Il contatto dei nostri corpi fa sì che entrambi stiamo al caldo e mi accorgo che si sta svegliando quando tira un respiro più lungo e profondo e chiude la bocca per deglutire.
Resto immobile mentre il suo corpo si muove risvegliandosi dall'intorpidimento del sonno e di questa notte passata a stare vicini. Si strofina gli occhi con la mano libera mentre stringe piano la mia spalla e poi mi guarda, trovandomi già sveglia ad accoglierlo.
Gli occhi di Harry non sono sempre dello stesso colore ed è quello che mi piace di più del suo sguardo, perché anche se ho una vaga idea di ciò che mi possano trasmettere, non so mai con certezza cosa aspettarmi, che colore trovare. Adesso sono chiari, trasparenti, puliti e un po' gonfi, mi guarda a lungo prendendo grandi respiri.
"Hai dormito?" mi chiede con la voce graffiata e spigolosa.
Scuoto lentamente la testa, stanca e spossata ma felice di averlo con me.
"Non dormo molto ultimamente" rispondo. "E poi avevo paura di svegliarmi e non trovarti più qui... che fosse solo un sogno"

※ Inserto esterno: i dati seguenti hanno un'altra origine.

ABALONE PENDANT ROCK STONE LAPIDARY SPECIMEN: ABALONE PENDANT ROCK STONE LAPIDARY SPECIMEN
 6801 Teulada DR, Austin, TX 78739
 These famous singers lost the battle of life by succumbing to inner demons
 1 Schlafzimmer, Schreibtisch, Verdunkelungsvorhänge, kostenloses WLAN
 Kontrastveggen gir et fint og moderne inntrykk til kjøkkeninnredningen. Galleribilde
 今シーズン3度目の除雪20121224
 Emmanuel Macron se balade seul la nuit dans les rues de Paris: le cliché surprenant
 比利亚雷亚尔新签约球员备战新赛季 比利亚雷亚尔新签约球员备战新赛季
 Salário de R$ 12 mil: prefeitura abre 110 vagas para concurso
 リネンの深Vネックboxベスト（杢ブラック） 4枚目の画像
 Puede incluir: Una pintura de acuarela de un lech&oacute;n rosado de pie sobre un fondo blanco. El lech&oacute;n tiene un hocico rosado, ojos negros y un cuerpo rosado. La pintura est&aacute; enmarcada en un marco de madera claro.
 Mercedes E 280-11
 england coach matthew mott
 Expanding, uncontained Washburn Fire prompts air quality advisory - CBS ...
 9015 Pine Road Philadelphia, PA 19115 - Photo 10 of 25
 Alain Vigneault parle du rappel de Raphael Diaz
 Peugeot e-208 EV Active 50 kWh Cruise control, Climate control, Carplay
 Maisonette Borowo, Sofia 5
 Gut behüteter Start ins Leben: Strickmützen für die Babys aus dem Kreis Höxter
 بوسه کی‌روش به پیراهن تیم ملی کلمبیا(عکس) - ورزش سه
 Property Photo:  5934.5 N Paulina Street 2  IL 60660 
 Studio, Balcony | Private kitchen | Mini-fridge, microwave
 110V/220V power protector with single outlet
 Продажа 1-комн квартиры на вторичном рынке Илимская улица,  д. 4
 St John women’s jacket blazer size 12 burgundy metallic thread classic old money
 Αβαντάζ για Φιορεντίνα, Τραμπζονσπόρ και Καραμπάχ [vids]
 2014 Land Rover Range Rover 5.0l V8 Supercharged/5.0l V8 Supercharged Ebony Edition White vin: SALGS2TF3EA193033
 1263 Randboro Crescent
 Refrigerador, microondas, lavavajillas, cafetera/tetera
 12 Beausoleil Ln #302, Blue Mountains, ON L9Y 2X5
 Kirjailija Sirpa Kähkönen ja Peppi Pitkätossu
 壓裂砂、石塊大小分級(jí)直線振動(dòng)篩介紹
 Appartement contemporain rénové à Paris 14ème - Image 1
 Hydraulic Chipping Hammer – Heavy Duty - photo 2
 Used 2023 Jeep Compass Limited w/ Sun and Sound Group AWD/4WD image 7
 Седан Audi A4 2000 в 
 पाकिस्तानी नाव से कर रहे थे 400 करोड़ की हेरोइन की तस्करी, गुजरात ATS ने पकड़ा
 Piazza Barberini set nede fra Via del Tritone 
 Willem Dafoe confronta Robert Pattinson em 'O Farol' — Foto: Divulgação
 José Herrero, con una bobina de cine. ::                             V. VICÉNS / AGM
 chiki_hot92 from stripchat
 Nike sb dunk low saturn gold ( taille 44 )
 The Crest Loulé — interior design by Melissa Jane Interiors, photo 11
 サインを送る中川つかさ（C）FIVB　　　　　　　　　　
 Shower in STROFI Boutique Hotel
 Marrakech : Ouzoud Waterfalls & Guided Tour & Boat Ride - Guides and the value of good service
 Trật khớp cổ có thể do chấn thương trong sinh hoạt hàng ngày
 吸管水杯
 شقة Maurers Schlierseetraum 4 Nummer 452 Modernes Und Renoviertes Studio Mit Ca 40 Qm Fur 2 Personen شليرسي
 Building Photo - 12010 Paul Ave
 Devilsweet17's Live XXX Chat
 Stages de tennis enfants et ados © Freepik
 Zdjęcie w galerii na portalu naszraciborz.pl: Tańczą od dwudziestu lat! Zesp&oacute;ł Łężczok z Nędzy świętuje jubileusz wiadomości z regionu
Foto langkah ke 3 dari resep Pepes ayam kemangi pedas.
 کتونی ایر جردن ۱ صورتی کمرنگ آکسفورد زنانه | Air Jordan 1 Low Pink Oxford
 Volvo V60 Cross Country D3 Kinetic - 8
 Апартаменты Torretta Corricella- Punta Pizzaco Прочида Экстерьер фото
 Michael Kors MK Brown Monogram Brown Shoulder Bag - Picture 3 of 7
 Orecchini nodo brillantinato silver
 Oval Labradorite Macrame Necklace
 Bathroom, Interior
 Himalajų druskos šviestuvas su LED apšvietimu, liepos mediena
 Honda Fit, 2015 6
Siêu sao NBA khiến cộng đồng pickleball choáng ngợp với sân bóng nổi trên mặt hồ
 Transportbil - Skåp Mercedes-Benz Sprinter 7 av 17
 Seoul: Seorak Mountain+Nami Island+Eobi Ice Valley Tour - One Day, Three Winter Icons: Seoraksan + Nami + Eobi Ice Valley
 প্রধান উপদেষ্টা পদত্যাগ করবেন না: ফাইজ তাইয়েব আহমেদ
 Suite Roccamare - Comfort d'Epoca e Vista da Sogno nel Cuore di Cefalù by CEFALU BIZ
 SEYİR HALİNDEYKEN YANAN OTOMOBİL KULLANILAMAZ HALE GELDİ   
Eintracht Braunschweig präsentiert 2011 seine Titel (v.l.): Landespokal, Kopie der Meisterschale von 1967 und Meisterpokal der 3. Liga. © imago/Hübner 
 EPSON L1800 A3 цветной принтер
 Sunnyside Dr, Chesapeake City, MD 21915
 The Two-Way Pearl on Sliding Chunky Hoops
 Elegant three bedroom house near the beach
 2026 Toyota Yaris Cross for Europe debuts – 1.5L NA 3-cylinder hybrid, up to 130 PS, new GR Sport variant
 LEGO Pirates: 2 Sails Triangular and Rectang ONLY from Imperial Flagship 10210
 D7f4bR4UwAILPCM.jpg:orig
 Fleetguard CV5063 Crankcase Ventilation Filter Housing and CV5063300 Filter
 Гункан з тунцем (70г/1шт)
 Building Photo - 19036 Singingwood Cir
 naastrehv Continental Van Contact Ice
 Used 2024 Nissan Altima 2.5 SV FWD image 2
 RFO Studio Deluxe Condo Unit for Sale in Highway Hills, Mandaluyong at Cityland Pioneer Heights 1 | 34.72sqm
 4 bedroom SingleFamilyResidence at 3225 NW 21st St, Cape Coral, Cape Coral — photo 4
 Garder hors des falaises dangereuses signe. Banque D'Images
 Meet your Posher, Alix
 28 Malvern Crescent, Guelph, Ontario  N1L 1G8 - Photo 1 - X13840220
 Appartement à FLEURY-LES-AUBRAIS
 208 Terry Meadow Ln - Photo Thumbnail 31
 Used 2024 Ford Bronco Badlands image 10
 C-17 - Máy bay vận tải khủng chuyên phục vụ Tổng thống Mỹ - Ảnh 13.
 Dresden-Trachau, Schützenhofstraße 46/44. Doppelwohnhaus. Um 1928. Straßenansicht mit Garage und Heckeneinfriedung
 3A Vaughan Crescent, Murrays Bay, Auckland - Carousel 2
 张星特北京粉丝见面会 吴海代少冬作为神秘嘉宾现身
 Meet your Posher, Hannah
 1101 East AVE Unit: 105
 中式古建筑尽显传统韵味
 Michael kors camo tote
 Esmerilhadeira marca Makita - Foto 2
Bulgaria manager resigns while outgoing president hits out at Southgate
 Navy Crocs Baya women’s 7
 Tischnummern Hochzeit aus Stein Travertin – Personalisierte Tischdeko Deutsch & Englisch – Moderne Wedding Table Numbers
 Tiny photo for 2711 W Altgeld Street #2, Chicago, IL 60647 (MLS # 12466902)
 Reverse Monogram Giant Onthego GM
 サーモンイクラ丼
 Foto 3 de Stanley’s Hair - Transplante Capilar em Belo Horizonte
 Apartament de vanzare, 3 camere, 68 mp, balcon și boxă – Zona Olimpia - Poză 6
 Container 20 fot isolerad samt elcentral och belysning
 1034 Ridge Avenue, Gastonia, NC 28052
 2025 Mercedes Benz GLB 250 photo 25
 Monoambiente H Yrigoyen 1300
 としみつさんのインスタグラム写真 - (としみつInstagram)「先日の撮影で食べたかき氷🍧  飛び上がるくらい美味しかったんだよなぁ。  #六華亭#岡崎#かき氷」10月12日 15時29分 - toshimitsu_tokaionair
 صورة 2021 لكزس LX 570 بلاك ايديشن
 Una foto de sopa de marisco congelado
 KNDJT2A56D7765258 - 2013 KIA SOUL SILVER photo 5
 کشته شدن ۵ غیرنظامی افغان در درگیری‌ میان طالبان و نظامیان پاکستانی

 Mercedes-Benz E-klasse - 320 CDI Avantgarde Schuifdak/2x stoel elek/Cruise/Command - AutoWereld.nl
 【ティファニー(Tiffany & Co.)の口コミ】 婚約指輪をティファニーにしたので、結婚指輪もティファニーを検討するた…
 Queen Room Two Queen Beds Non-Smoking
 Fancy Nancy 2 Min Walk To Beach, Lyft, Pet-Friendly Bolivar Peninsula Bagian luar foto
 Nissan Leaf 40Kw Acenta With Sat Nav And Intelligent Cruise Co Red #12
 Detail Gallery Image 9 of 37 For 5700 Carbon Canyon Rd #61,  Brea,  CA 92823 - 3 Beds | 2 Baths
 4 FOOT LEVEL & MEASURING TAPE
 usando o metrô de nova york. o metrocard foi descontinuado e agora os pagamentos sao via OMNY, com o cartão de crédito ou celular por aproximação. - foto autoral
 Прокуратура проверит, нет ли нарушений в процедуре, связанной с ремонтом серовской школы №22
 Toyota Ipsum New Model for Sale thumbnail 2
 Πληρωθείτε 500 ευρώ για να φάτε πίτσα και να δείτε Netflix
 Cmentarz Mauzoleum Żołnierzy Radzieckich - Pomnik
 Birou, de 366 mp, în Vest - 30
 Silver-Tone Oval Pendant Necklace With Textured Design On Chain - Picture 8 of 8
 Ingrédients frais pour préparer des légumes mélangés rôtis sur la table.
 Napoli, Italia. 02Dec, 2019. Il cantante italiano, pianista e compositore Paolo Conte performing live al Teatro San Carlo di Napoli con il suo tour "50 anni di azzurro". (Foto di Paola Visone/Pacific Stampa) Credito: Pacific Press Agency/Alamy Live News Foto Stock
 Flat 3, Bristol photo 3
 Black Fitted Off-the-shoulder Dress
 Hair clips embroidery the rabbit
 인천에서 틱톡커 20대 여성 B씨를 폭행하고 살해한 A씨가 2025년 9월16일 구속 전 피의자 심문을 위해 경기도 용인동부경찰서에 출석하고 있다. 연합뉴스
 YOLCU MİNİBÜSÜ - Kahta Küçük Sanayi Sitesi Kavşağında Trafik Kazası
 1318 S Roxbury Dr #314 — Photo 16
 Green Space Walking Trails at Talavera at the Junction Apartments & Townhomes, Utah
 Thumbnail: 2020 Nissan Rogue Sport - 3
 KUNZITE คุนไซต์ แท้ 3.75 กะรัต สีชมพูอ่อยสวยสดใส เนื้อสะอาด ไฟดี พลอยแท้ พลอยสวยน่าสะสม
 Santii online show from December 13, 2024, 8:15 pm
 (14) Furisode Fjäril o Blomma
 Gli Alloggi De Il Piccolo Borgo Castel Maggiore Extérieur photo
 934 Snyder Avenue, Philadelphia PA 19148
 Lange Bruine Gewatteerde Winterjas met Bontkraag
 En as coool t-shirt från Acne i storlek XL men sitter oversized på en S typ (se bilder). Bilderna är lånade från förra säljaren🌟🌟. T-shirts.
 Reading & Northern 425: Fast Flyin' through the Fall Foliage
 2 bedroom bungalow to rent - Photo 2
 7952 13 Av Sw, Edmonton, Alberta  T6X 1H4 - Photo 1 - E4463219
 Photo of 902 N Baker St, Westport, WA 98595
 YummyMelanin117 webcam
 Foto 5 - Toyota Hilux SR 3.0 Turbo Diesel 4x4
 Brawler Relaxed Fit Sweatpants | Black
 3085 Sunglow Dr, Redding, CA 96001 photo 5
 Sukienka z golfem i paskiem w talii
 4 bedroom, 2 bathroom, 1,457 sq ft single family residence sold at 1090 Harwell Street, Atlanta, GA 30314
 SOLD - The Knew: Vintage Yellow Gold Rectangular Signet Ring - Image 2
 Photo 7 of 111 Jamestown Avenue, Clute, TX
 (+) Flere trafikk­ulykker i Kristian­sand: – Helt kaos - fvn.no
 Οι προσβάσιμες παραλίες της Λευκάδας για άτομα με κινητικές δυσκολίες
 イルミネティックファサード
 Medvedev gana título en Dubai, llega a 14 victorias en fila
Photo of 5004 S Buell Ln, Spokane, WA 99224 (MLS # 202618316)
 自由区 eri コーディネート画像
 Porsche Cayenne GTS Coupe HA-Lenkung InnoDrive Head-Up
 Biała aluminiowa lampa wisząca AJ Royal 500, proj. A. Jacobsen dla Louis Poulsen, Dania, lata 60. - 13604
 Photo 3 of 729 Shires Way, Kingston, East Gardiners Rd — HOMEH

Non so che effetto gli facciano queste parole, ma so che io non riesco a reggere il suo sguardo e lo abbasso, poggiando la testa contro il suo petto. Lui mi stringe.
"Non è un sogno. È tutto vero" mi risponde. "Vuoi dormire un po', adesso?"
Faccio di nuovo 'no' con la testa.
"Voglio solo stare così"
Lo sento ridere piano. "Va bene"
Mi concedo dei momenti per bearmi di tutto questo. Della tranquillità dell'atmosfera, del calore del suo corpo, delle sue mani che mi accarezzano i capelli, della sua bocca che mi lascia dei soffici baci sulla fronte, della sua voce che canticchia I know you care di Ellie Goulding, del profumo della sua pelle.
Harry è così tante cose, così tanti dettagli che l'averlo qui con me mi sorprende ogni volta che mi fermo a pensarci per davvero.
È tutto questo e ciò che sento quando sto con lui che mi fa capire che mi sto innamorando. Tradurlo in parole mi sembra stupido ed è come se sminuissi il tumulto di emozioni che vorticano dentro di me, nella mia mente, nel mio cuore, nei miei polmoni, nelle mie vene, nel mio stomaco. Ovunque. Non so se per Harry sia lo stesso e ho paura di poter rovinare tutto esplicitando ciò che provo e che sto realizzando. L'unica cosa che mi viene da fare è stringermi contro il suo corpo nel modo più naturale possibile, e mi accontento della risposta delle sue braccia.